Hacker News new | past | comments | ask | show | jobs | submit login

Whenever I review C code, I first look at the string function uses. Almost always I'll find a bug. It's usually an off by one error dealing with the terminating 0. It's also always a tangled bit of code, and slow due to repeatedly running strlen.

But strings in BASIC are so simple. They just work. I decided when designing D that it wouldn't be good unless string handling was as easy as in BASIC.




In the case of C, it's a design decision Denis Ritchie made that came down to the particular instruction set of PDP-11, that could efficiently process zero terminated strings.

So a severely memory limited architecture of the 70s led to blending of data with control - which is never a safe idea, see naked SQL. We now perpetuate this madness of nul-terminated strings on architectures that have 4 to 6 orders of magnitude more memory than the original PDP-11.

It's also highly inefficient, because a the length of string is a fundamental property that must me recomputed frequently if not cached.

Bottom line, unless you work on non-security sensitive embedded systems like microwave ovens or mice, there is absolutely no place for nul-terminated strings in today's computing.


Mr. Bright, I just want to thank you for creating D.

It is by far my favorite language, because it is filled with elegant solutions to hard language problems.

As a perfectionist, there are very few things I would change about it. People rave about Rust these days, but I rave about D in return.

Just wanted to say thanks (and that I bought a D hoodie).


Your words have just convinced me to try out D. Maybe some good will come out of it :)


Thanks for the kind words!


Hello Walter! All things considered, you are probably the best person to ask for tips on string handling in C.

Would you might sharing the things that you look for, from the obvious to the subtle? I would love to see some rejected push requests if possible. If I were writing C under your direction, what would you drill into me?

Thank you, it is an honour to address you here.


1. whenever you see strncpy(), there's a bug in the code. Nobody remembers if the `n` includes the terminating 0 or nor. I implemented it, and I never remember. I always have to look it up. Don't trust your memory on it. Same goes for all the `n` string functions.

2. be aware of all the C string functions that do strlen. Only do strlen once. Then use memcmp, memcpy, memchr.

3. assign strlen result to a const variable.

4. for performance, use a temporary array on the stack rather than malloc. Have it fail over to malloc if it isn't long enough. You'd be amazed how this speeds things up. Use a shorter array length for debug builds, so your tests are sure to trip the fail over.

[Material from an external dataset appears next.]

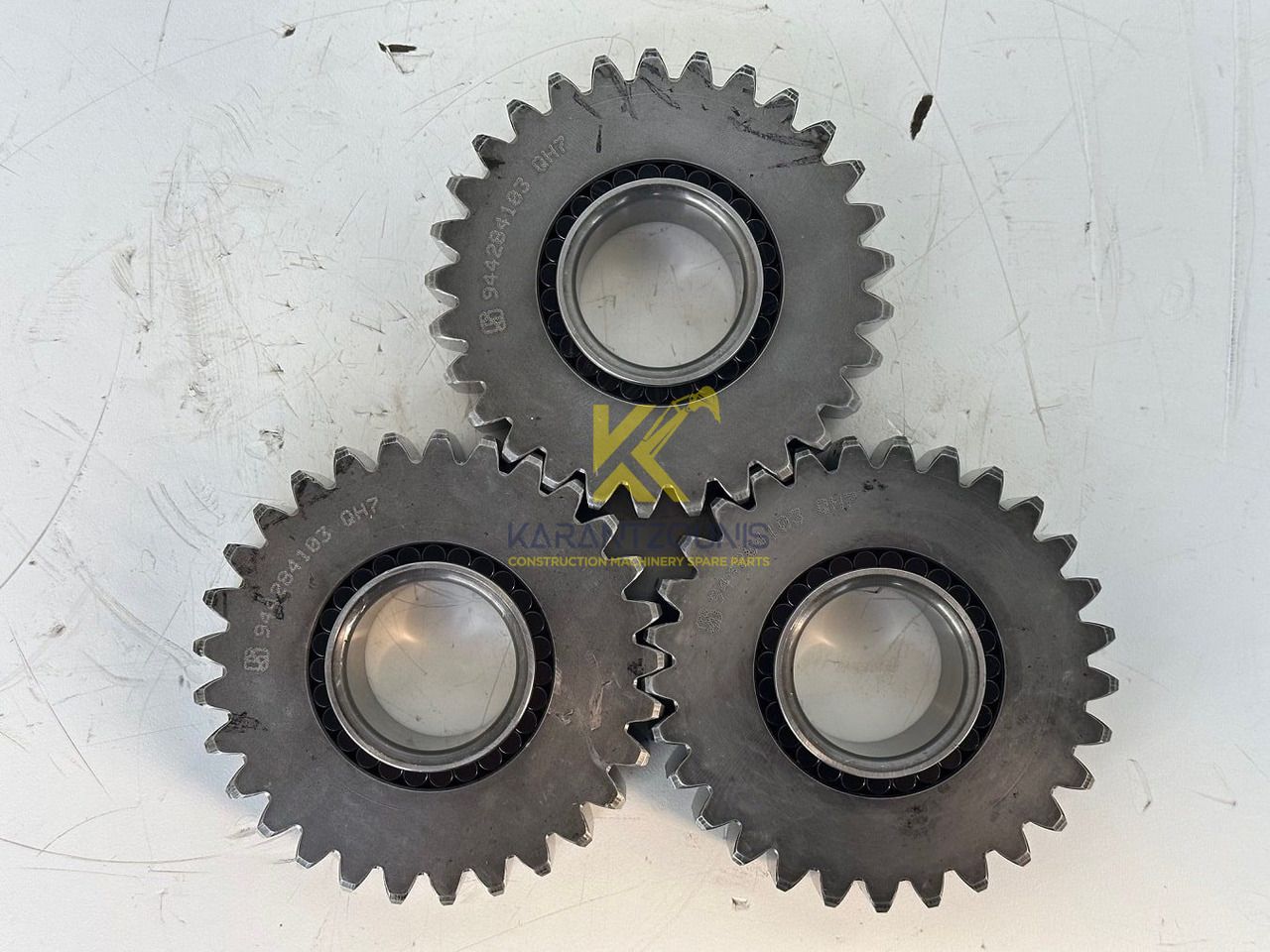Liebherr Planetenrad ID-Nr.9442840 - ID-Nr.944284003. FAT350 - FAT350P022 - FAT350P059 - FAT350P062 - FAT350P068 - FAT350P079. LH22C, R313, R317, R900, R902, R904, R912, R914, R922, R924, R924 COMP. # - Moteur de translation pour Engins de chantier: photos 3 Liebherr Planetenrad ID-Nr.9442840 - ID-Nr.944284003. FAT350 - FAT350P022 - FAT350P059 - FAT350P062 - FAT350P068 - FAT350P079. LH22C, R313, R317, R900, R902, R904, R912, R914, R922, R924, R924 COMP. # - Moteur de translation pour Engins de chantier: photos 3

5. remove all hard-coded string length maximums

6. make sure size_t is used for all string lengths

7. disassemble the string handling code you're proud of after it compiles. You'll learn a lot about how to write better string code that way

8. I've found subtle errors in online documentation of the string functions. Never use them. Use the C Standard. Especially for the `n` string functions.

9. If you're doing 32 bit code and dealing with user input, be wary of length overflows.

10. check again to ensure your created string is 0 terminated

11. check again to ensure adding the terminating 0 does not overflow the buffer

12. don't forget to check for a NULL pointer

13. ensure all variables are initialized before using them

14. minimize the lifetime of each variable

15. do not recycle variables - give each temporary its own name. Try to make these temporaries const, refactor if that'll enable it to be const.

16. watch out for `char` being either signed or unsigned

17. I structure loops so the condition is <. Avoid using <=, as odds are high that'll will result in a fencepost error

That's all off the top of my head. Hope it's useful for you!


So many potential pitfalls to string functions. But memcpy and friends can have pitfalls too.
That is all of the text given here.